How to Fix TPU Under-Extrusion

Rigid filament is pushed through a printer; TPU is coaxed. Because flexible filament stretches, every source of friction between spool and nozzle turns into elastic under-extrusion — the extruder feeds the right length, but a stretched, thinned strand arrives at the melt zone.

The stretch problem

Pull gently on rigid PLA and nothing happens; pull on TPU and it lengthens like a rubber band. Now add spool-holder friction, a long PTFE path, sharp feed angles — the extruder gears see filament under tension, effectively thinner than 1.75 mm, and the print under-extrudes in slow motion. This is why TPU under-extrusion is nearly always a path problem before it is a settings problem.

Clear the path first

Feed from a free-spinning spool holder, straight down into the extruder. No AMS: standard 95A TPU is too soft for multi-material feed systems — on Bambu machines only the special 68D “TPU for AMS” grade may run through the AMS, and everything else goes on the external holder (details in the TPU + AMS guide). Check the spool spins with a fingertip touch; a sticky holder is enough to starve TPU.
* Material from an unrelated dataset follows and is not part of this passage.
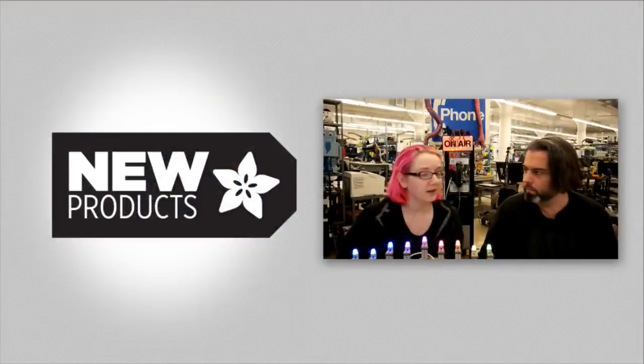All right, that's it. Happy Holidays! Thanks, everybody. Bye.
Unload and inspect for buckling. If TPU ever jammed in this extruder, a kinked section may still be wedged in the feed channel, rubbing every strand that follows. Cut generously past any deformed filament before reloading.

Then respect the speed ceiling

Keep the volumetric limit at stock. Bambu caps TPU at 12 mm³/s; most vendor baselines for bedslingers cap flexibles far lower — Creality’s generic TPU allows just 2 mm³/s and Prusa’s 3.2 mm³/s. These numbers look painfully slow next to PLA’s 21 mm³/s — that is the price of flexibility. Raising the cap doesn’t make TPU print faster; it makes it print thinner.

Filament settings → Setting overrides → Max volumetric speed

Temperature: stock first. 230 °C is the Bambu default inside a 200–250 °C window. Too-cold TPU extrudes stiffly and skips; if you lowered the temperature to fight stringing and under-extrusion appeared, meet in the middle.

Moisture: the impersonator

Wet TPU forms bubbles in the melt, and bubbled extrusion is thin extrusion — it looks exactly like mechanical under-extrusion but no path-clearing fixes it. If lines are thin and the surface is rough, or you hear popping, dry the spool 8 h at 70 °C (never hotter) before blaming the drivetrain.

Retraction sabotage

Aggressive retraction settings copied from a rigid-filament profile cause cyclic under-extrusion with TPU: each long, fast retraction stretches the strand, and the deretraction never quite recovers, so the line after every travel move starts starved. Bambu’s TPU profile retracts just 0.8 mm at 10 mm/s — if your profile says anything dramatically larger, that alone can be the whole answer. The broader flexible-filament playbook is in the TPU printing guide; the cross-material diagnosis method in the under-extrusion guide.

Frequently asked questions

Why does TPU under-extrude even though the extruder is feeding?

Because TPU stretches. Spool-holder friction, a long PTFE path or sharp feed angles put the filament under tension, so the extruder gears see a strand that is effectively thinner than 1.75 mm and the print under-extrudes in slow motion. TPU under-extrusion is nearly always a path problem before it is a settings problem: feed from a free-spinning spool holder straight down into the extruder, and keep standard 95A TPU out of the AMS.

What volumetric speed limit should TPU use?

Keep the limit at stock: Bambu caps TPU at 12 mm³/s, while most bedslinger vendor baselines cap flexibles far lower — Creality’s generic TPU allows just 2 mm³/s and Prusa’s 3.2 mm³/s, versus PLA’s 21 mm³/s. Raising the cap doesn’t make TPU print faster; it makes it print thinner. Also check retraction: Bambu’s TPU profile retracts just 0.8 mm at 10 mm/s.

When is TPU under-extrusion actually moisture?

When thin lines come together with a rough surface or audible popping. Wet TPU forms bubbles in the melt, and bubbled extrusion is thin extrusion — it looks exactly like mechanical under-extrusion, but no amount of path-clearing fixes it. Dry the spool for 8 hours at 70 °C (never hotter) before blaming the drivetrain.